Whether you’re aiming for the 50 Book Challenge on Goodreads or cracking open a paperback for the first time in years, increasing your time spent reading is a worthy New Year’s resolution.
For inspiration, try turning to some of the other good things you might add to your list this year:
Relive Your Childhood
Think back to a book that enraptured you as a kid — something a parent or teacher read aloud to you, or the first novel you really got lost in on your own. Re-reading a treasured text will spark some of those magical feelings again, and your adult experiences will give you fresh eyes to see what you might have missed before. Bonus points if you read them to your own kids.
Ideas: “The Harry Potter” series by J.K. Rowling, “A Wrinkle in Time” by Madeleine L’Engle, anything by Roald Dahl.
Nourish Your Brain
Diving into meatier books gives you more than a reading list worth showing off at fancypants parties. Canonical classics, lesser-known masterpieces and recent award-winners are perfect for giving your mind (and heart and soul) a workout. Read with a friend and argue over the nuances.
Ideas: “One Hundred Years of Solitude” by Gabriel Garcia Marquez, “All the Light We Cannot See” by Anthony Doerr, “Salvage the Bones” by Jesmyn Ward
Enjoy Some Treats
Sometimes, you just need a book to help you escape from the doldrums and demands of modern life. There’s no shame in devouring juicy thrillers, zany satires, trashy romances, and wild sci-fi and fantasy adventures that whisk you far, far away from the world of Twitter, taxes and … politicians whose names start with “T.”
Ideas: “The Expanse” series by James S.A. Corey, “Crazy Rich Asians” by Kevin Kwan, “The Night Circus” by Erin Morgenstern
Get to Know Your Neighbors
The Palouse is home to an abundance of brilliant writers. Explore the imaginations of our area’s brightest literary stars and emerging talents — and don’t miss the next chance to catch one of them in person at a local reading. (Inland 360’s event listings can help!)
Ideas: “Fire Girl” by Sayantani Dasgupta, “Proxies” by Brian Blanchfield, “The Principles Behind Flotation” by Alexandra Teague
Suggestions from an expert
When your literary inspiration is lacking, ask a pro — like the owner of your favorite bookstore. BookPeople of Moscow co-owner and manager Carol Spurling suggested a few favorites to round out our list:
“The Trespasser” by Tana French: “A page-turner set in Dublin featuring a female homicide detective on the edge; great for lovers of Stieg Larsson’s Lisbeth Salander series.”

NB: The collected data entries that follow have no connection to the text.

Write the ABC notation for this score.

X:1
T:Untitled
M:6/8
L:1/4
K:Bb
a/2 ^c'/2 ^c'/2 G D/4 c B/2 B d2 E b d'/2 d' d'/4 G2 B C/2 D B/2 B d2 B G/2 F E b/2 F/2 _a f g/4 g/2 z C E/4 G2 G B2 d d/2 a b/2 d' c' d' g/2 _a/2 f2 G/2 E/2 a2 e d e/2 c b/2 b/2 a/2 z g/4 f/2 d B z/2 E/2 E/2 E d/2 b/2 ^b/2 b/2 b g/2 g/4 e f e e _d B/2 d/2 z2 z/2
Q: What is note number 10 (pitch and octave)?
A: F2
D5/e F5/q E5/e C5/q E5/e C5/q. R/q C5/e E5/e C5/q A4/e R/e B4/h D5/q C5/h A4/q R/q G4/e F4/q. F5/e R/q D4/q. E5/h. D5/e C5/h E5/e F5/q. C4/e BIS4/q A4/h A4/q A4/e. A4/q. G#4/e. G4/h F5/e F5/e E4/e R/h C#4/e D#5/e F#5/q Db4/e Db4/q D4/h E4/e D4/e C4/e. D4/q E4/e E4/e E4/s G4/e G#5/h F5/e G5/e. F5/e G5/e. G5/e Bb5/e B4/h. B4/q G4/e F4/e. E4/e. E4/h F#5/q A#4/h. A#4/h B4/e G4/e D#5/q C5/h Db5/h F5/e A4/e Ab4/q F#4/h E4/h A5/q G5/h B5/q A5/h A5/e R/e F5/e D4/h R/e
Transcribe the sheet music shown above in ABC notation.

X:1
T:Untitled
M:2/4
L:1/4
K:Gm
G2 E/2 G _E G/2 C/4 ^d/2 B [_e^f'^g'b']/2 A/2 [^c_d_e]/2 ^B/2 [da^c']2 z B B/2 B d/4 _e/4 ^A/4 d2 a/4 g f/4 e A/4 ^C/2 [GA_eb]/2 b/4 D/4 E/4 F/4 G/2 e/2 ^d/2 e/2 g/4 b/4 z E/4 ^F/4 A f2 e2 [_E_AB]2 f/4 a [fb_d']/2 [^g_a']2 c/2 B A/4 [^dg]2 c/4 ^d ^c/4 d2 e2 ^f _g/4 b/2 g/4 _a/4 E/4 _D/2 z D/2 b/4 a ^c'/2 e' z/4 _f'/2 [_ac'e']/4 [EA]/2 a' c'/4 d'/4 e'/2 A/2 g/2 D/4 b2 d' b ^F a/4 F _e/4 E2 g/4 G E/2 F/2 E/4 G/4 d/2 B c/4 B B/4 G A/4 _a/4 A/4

“A Gentleman in Moscow” by Amor Towles: “Heart-warming literary and historical fiction, set in Moscow (the other one). It takes place just after the Bolshevik Revolution, which forced the Russian aristocracy into exile. This particular gentleman is put under house arrest at hotel where he lives, but he manages to live a rich and delightful life entirely within the hotel walls.”
“The Essex Serpent” by Sarah Perry: “A beautifully written novel that gets to the heart of the conflicts between science and religion, intellect and emotion, and fact and intuition. At turns brooding and filled with light, the novel brings Victorian England and its people to life in vivid detail.”
Tara Roberts is a writer and mom who lives in Moscow. She’s currently reading “Moby-Dick,” but will take a break and pick up something super-cheesy soon.